▸ Given records
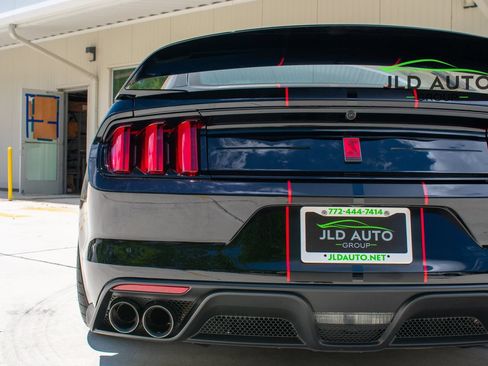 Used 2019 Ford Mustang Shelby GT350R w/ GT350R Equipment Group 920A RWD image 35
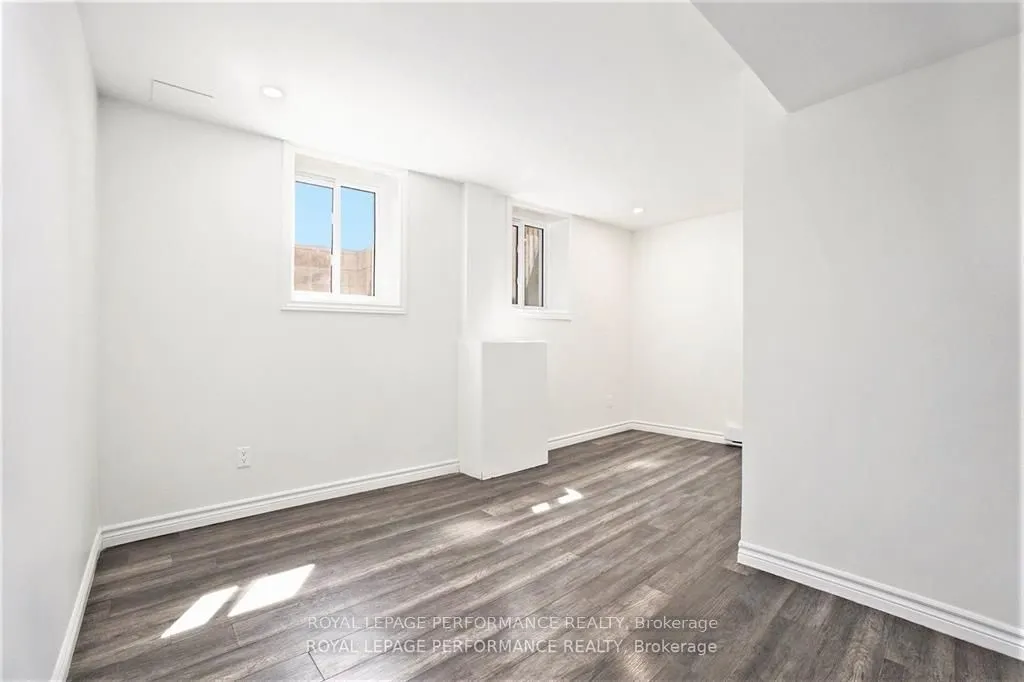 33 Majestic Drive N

==

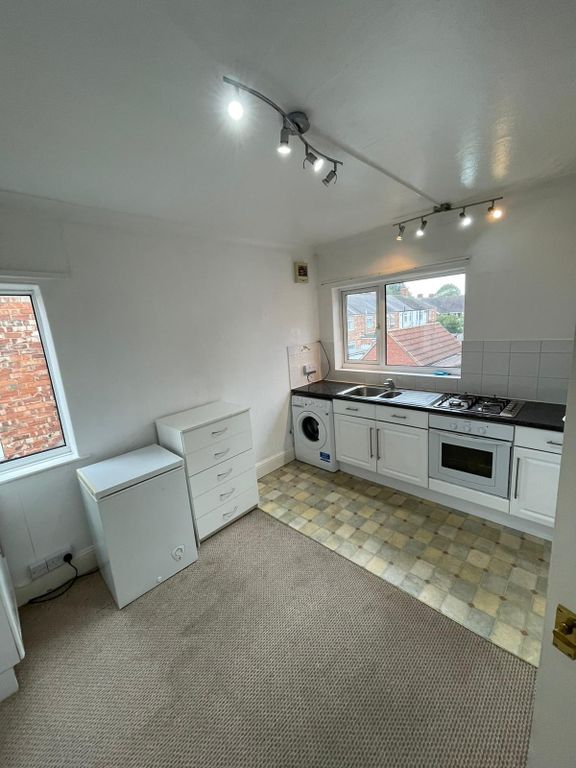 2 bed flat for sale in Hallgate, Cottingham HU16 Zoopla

==

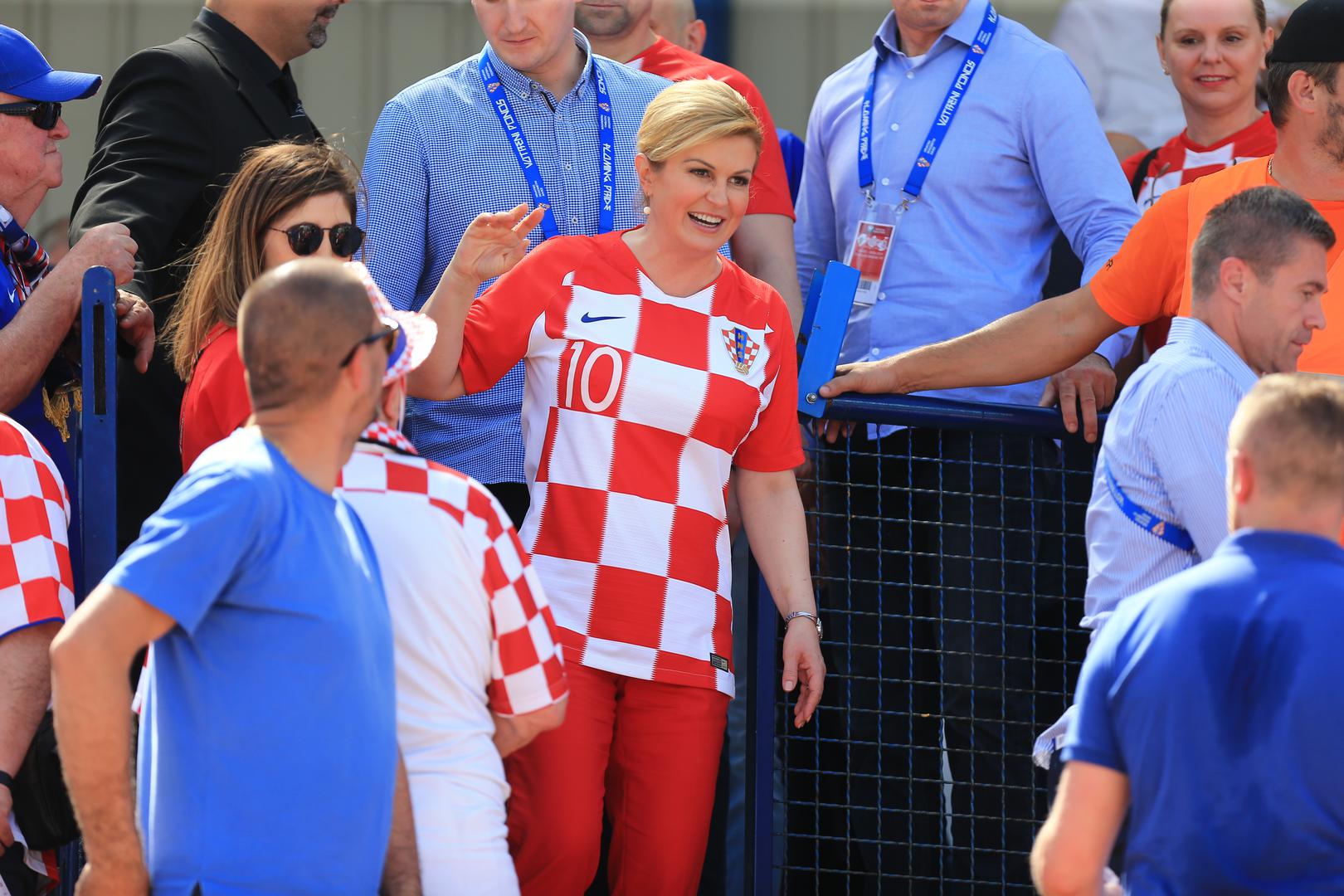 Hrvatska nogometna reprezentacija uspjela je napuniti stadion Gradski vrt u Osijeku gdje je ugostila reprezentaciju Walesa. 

▸ Problem to work on
In the listing above, find the line with "Used 2019 Ford" and output every line through the one with "33 Majestic Drive N", exactly, without the pictures.

▸ Exercise answer
 Used 2019 Ford Mustang Shelby GT350R w/ GT350R Equipment Group 920A RWD image 35
 33 Majestic Drive N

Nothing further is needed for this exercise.